## Task requirements
With the images left out, print all of the records below exactly.

## Information provided
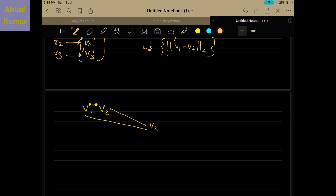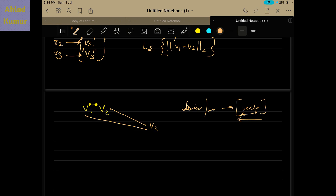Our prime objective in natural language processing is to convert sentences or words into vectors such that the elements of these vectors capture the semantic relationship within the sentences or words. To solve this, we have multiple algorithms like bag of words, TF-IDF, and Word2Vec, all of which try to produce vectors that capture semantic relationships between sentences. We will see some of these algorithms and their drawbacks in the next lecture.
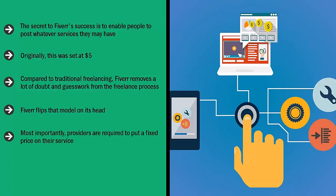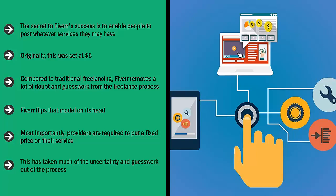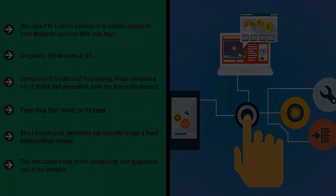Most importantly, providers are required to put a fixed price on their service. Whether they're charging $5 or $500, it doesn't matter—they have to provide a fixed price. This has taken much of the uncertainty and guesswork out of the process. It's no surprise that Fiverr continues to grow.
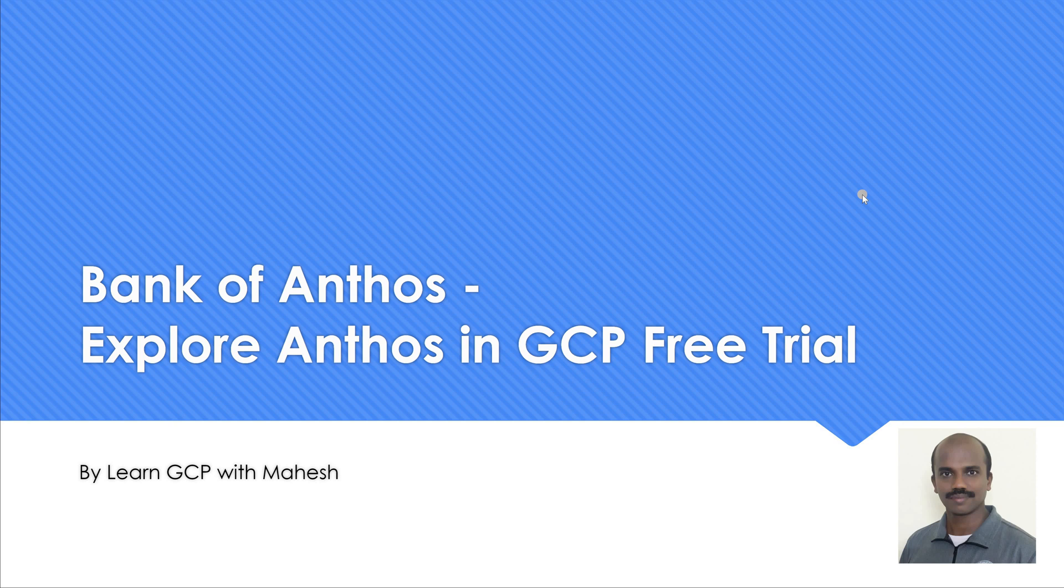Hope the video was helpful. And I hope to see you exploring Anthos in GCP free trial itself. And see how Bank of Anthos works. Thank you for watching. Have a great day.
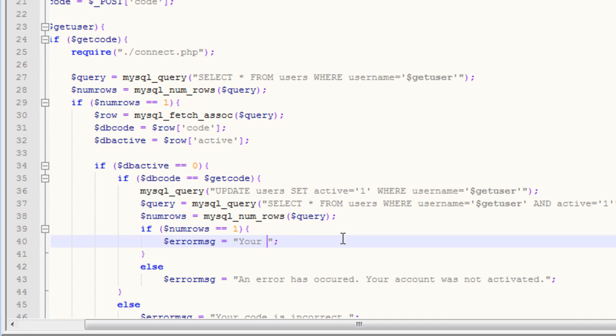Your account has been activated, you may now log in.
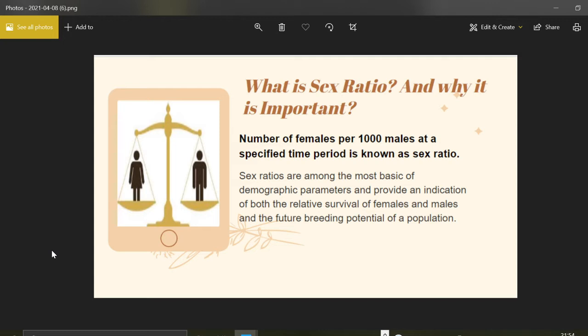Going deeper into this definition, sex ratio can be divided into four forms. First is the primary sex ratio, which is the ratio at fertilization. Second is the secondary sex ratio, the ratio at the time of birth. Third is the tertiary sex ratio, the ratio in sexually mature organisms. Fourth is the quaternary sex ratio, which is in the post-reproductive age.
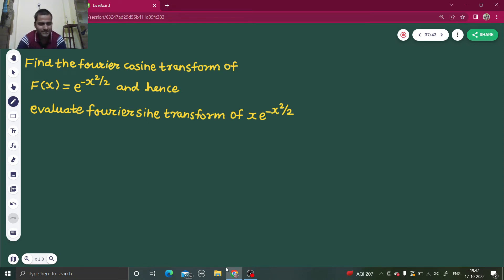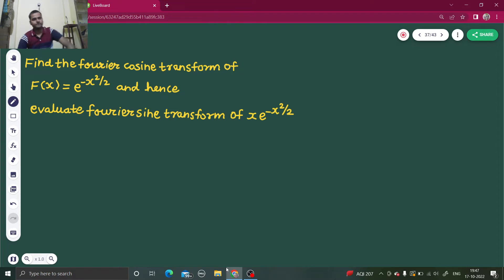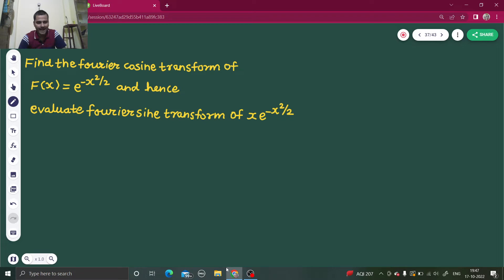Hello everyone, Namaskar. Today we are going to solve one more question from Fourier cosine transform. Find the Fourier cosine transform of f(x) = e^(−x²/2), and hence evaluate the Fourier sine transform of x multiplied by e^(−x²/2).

## Task result
Our prime objective in natural language processing is to convert sentences or words into vectors such that the elements of these vectors capture the semantic relationship within the sentences or words. To solve this, we have multiple algorithms like bag of words, TF-IDF, and Word2Vec, all of which try to produce vectors that capture semantic relationships between sentences. We will see some of these algorithms and their drawbacks in the next lecture.
Most importantly, providers are required to put a fixed price on their service. Whether they're charging $5 or $500, it doesn't matter—they have to provide a fixed price. This has taken much of the uncertainty and guesswork out of the process. It's no surprise that Fiverr continues to grow.
Hope the video was helpful. And I hope to see you exploring Anthos in GCP free trial itself. And see how Bank of Anthos works. Thank you for watching. Have a great day.
Your account has been activated, you may now log in.
Going deeper into this definition, sex ratio can be divided into four forms. First is the primary sex ratio, which is the ratio at fertilization. Second is the secondary sex ratio, the ratio at the time of birth. Third is the tertiary sex ratio, the ratio in sexually mature organisms. Fourth is the quaternary sex ratio, which is in the post-reproductive age.
Hello everyone, Namaskar. Today we are going to solve one more question from Fourier cosine transform. Find the Fourier cosine transform of f(x) = e^(−x²/2), and hence evaluate the Fourier sine transform of x multiplied by e^(−x²/2).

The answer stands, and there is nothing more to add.